McGill’s Buses has launched what it describes as a multi-million-pound legal action against the Scottish Government and its agency Transport Scotland relating to the operator’s failure to win funding from the third round of the Scottish Zero Emission Bus challenge fund (ScotZEB3).
An appeal has been submitted to the Competition Appeal Tribunal following rejection of a bid by McGill’s that sought £4.36 million from ScotZEB3 towards 33 Alexander Dennis battery-electric buses and 13 chargers. Five other recipients were successful in the £45 million scheme.
McGill’s “seeks to challenge how the bids were scored, overturn the funding decision, and force a comprehensive rethink of how zero-emission subsidies are allocated,” the business says.

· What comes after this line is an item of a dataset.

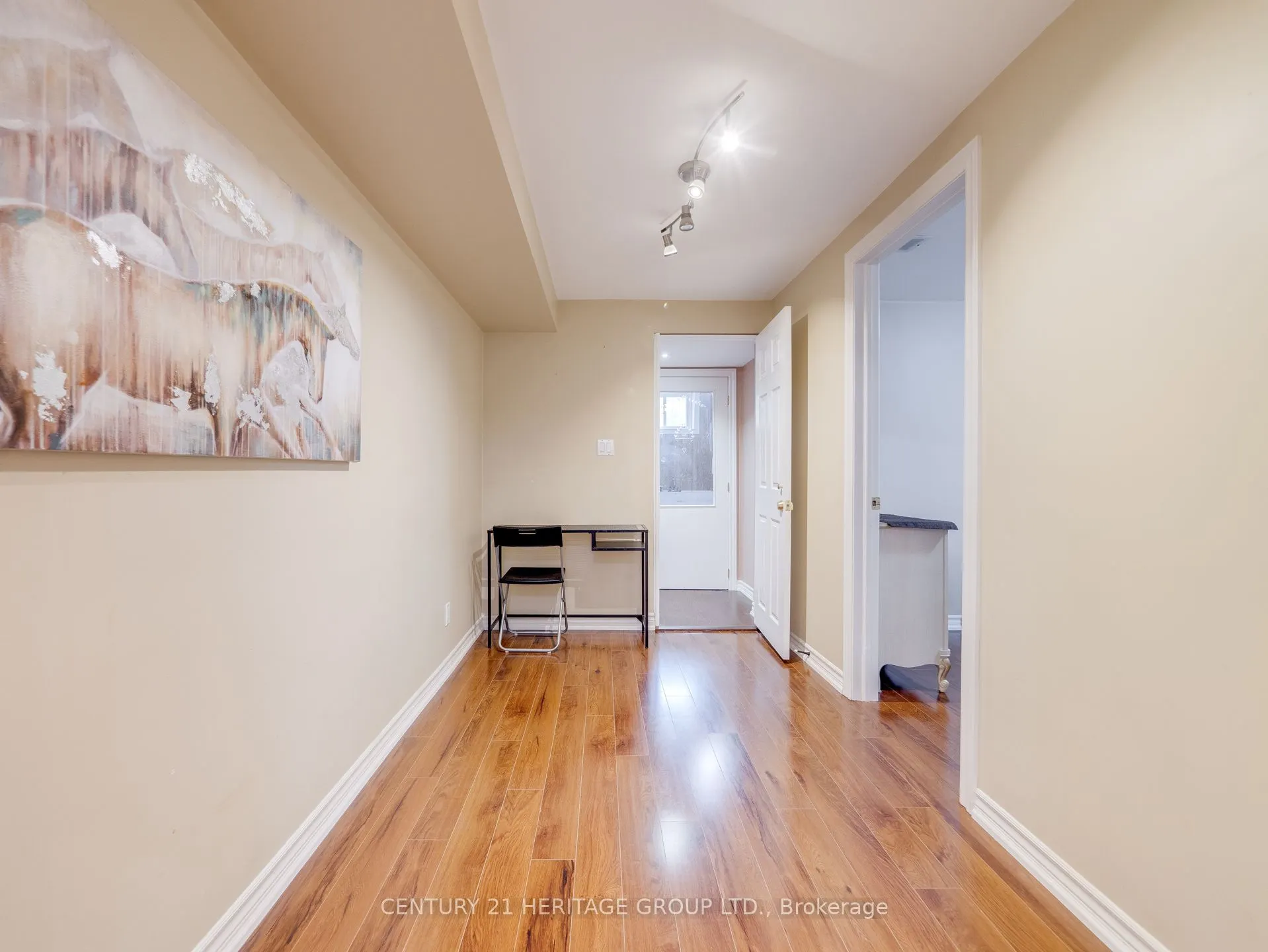 97 Allingham Gardens #Room B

The legal argument centres on what it claims is a breach of the UK Subsidy Control Act 2022 by the Scottish Government relating to no separate subsidy control assessment having taken place for ScotZEB3.

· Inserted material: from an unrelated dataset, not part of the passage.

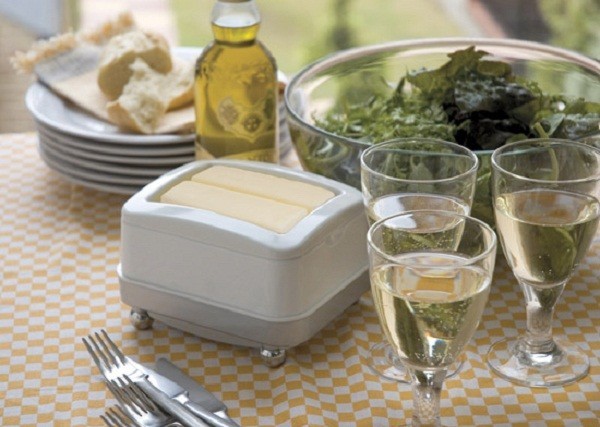 Temperature controlled butter dish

The operator also cites funding being allocated to subsidise battery-electric coaches for new competitive routes rather than upgrade diesel fleets, despite ScotZEB3 being “designed to use the lowest possible level of subsidy to deliver the replacement of the maximum number of public service buses with zero-emission vehicles,” a Notice of Appeal (NoA) states.
Sandy Easdale (pictured above, left), who is joint owner of McGill’s Bus Group with his brother James, has attacked the decision to award £13.2 million of ScotZEB3 money to Ember to part-fund a further 100 battery-electric coaches.

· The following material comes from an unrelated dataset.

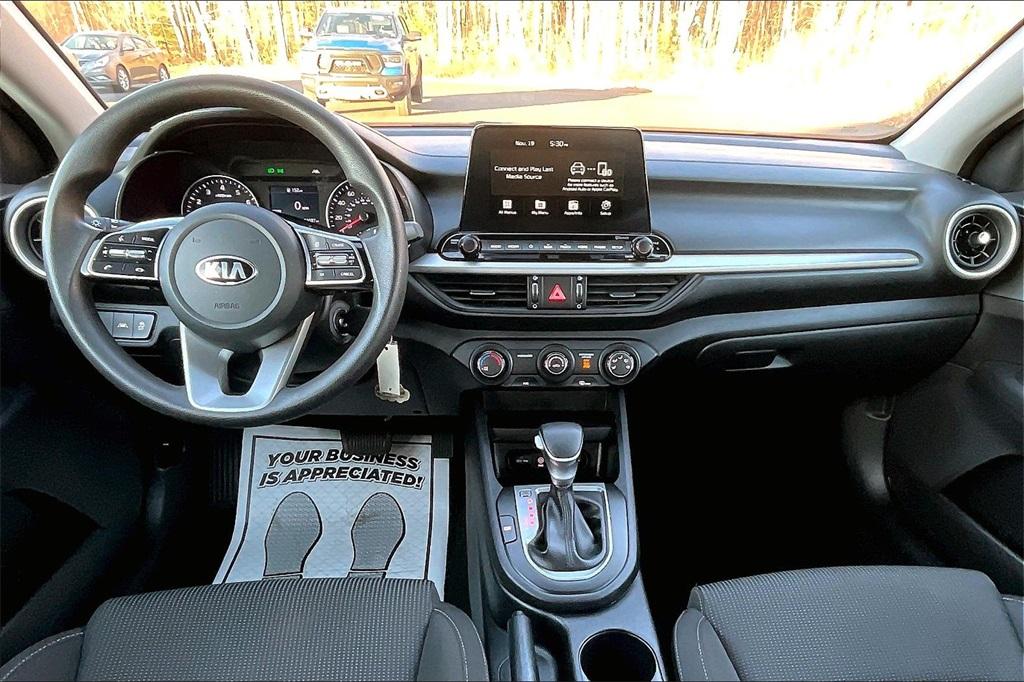 2021 Kia Forte LXS - Photo 21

He says that such a decision “would not result in any diesel buses being replaced.” The McGill’s submission would have done, while supporting manufacturing jobs at Alexander Dennis.
“We have questionable decisions being made on large amounts of public money by nameless people in secret rooms who are trying to avoid scrutiny,” Sandy Easdale continues. “Decisions on taxpayers’ sums of this magnitude should be fully transparent and decision-makers should be willing to be held accountable.”

What became ScotZEB3 was initially projected as a reopening of the earlier ScotZEB2, with an intention that one unsuccessful ScotZEB2 consortium-based bid would be revisited, albeit with scope for organisations not part of the submission at its opening stage to participate.
However, £40 million for the reopening was subsequently moved to the new ScotZEB3, which became worth up to £45 million and dropped the consortium bid requirement. That followed what Transport Scotland said was “careful consideration” and a view that a competitive ScotZEB3 was “the fastest and most certain route to support new zero-emission bus orders.”
The NoA states how McGill’s position is that a shift from reopening ScotZEB2 to a competitive ScotZEB3 followed the lawfulness of the initial plan being “challenged in correspondence by various bus operators,” including McGill’s.
It adds an allegation that no entry has been made on the UK Subsidy Database in relation to ScotZEB3, either as a modification of ScotZEB or as a new subsidy scheme.
Upon enquiry about that by McGill’s in April, the Scottish Government is said to have informed the operator that no separate or additional subsidy control assessment was required for subsequent phases of ScotZEB.
In addition, the NoA claims that the response from Scottish ministers stated that ScotZEB3 operated within scope of the overarching ScotZEB subsidy control assessment and that it constituted a “permitted modification of a legacy scheme.”
McGill’s believes that ScotZEB3 was not a legacy subsidy modification and was not permitted under the terms of the Act. It also claims that the Scottish Government should have treated ScotZEB3 as a new subsidy scheme, among other submissions to the Competition Appeal Tribunal.
James Easdale (pictured top, right) adds that there is “a fundamental question about fairness and transparency” around how ScotZEB3 funding was allocated. “We have looked very closely at the scoring process and reached the inevitable conclusion that a legal appeal had to be submitted,” he says.
McGill’s successfully bid through the first round of ScotZEB and ScotZEB2, which saw Chinese-built vehicles favoured for battery-electric bus purchases. Those replaced diesel vehicles in the group’s fleets.